The Struggle for Sustainability
Greenpeace don’t do things by halves do they? Last week’s Ice Climb protest saw 6 climbers scale London’s iconic new Shard skyscraper to bring attention to Shell’s intentions to drill in the arctic. A heck of a lot of effort, but it paid off as the protest got plenty of publicity – some of it scathing, it has to be said – but publicity nonetheless. Whether that publicity (and the sweat required to achieve it) actually changes anything is another matter.
Seeing the huge physical effort required from the protesters to inch their way up the building reminded me of a recent conversation with the CSR manager of a major UK brand (off the record, unfortunately). The word ‘struggle’ passed his lips more than once – the struggle to change sometimes quite small things within his organisation, despite its reputation for CSR.

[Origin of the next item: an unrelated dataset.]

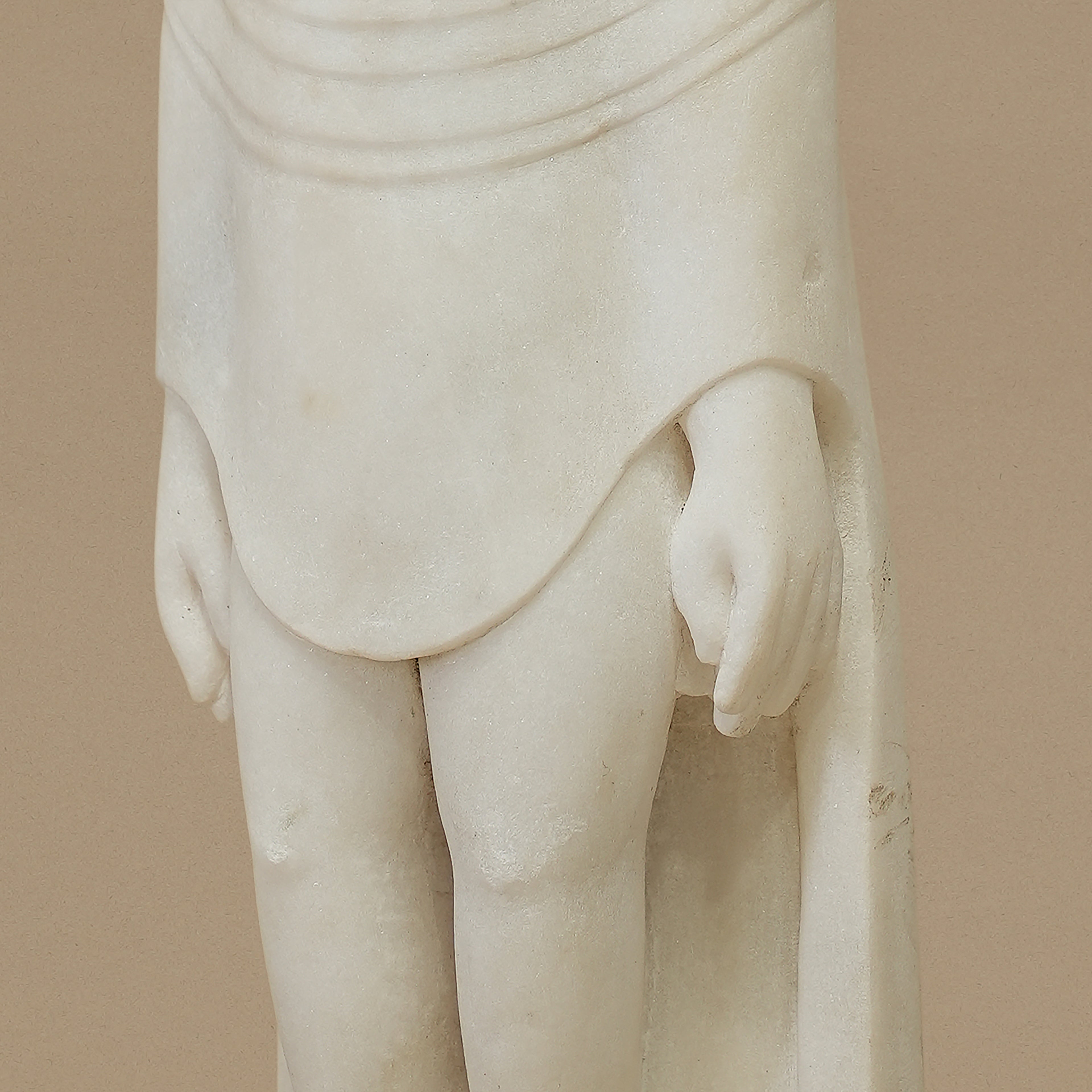 15" Standing Lord Buddha Statue | Handcrafted from White Marble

At a sustainability roundtable I took part in a few weeks ago, Andrew Davison of Newcastle upon Tyne lawyers Muckle LLP talked of the struggle to decide whether to change their legal documentation from the traditional single sided printing to double sided. Andrew said they agonised over such a simple decision.

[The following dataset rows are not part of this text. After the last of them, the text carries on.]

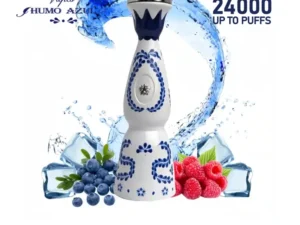 Vaper desechable Humo Azul 24K sabor Blue Razz Ice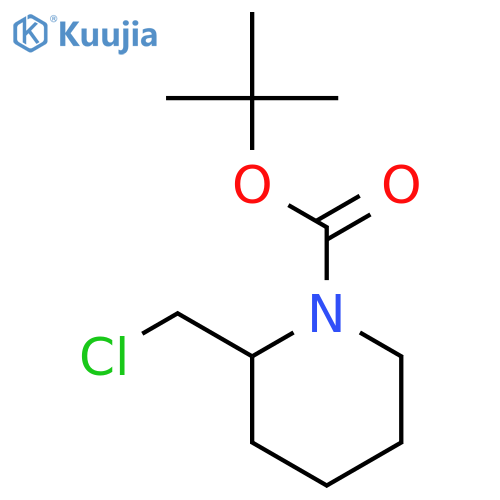 tert-Butyl 2-(chloromethyl)piperidine-1-carboxylate structure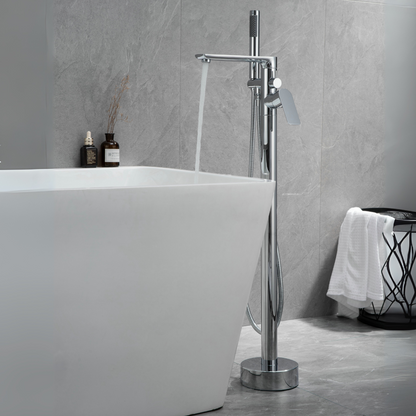 Freestanding bath faucet Emilia - Chrome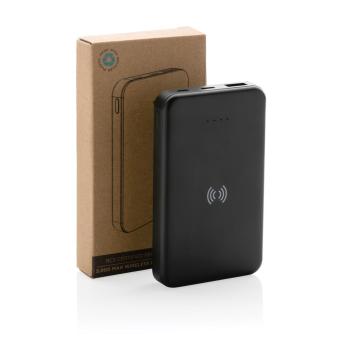 XD Collection RCS recycled plastic 5.000 mAh 5W wireless powerbank Black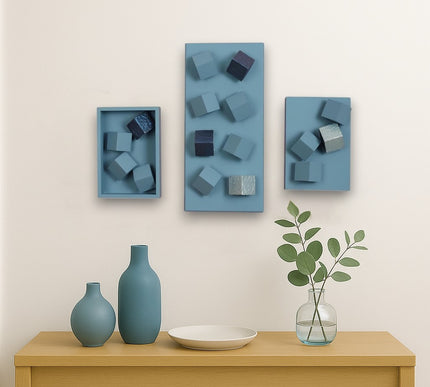Triomio Blue Duvar Aksesuarı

I’ve often said the biggest barrier to sustainability is just 6 inches wide – the space between our ears. The problem is when you get lots of people together and those 6 inches start to multiply up into what I refer to as ‘institutional inertia’ – the ability of an organisation to push back against change. Institutional inertia is the sustainability practitioner’s worst enemy – the thing that slows everything to a crawl.
Your can use the following tactics to overcome institutional inertia:
- Perseverance: one of the key messages from The Green Executive interviewees was ‘never give up’;
- Cunning: Green Jujitsu says to align sustainability with the existing culture in the organisation – rather than trying to ‘do a Greenpeace’ and shock people into changing their mind – this works with the inertia, not against it;
- Leadership: if the boardroom has bought in then they can be deployed to ‘unstick’ projects when necessary;
- Raise the sights: if you have ambitious well-communicated stretch targets then small decisions will appear to be ‘no brainers’ compared to some big strategic decisions;
- Include stakeholders in the discussion: if you get people together and ask them help work out how (not whether) something can be done, you can gain their buy-in very quickly.
Like scaling a building, sustainability ain’t easy. But then again, that’s half the fun of it.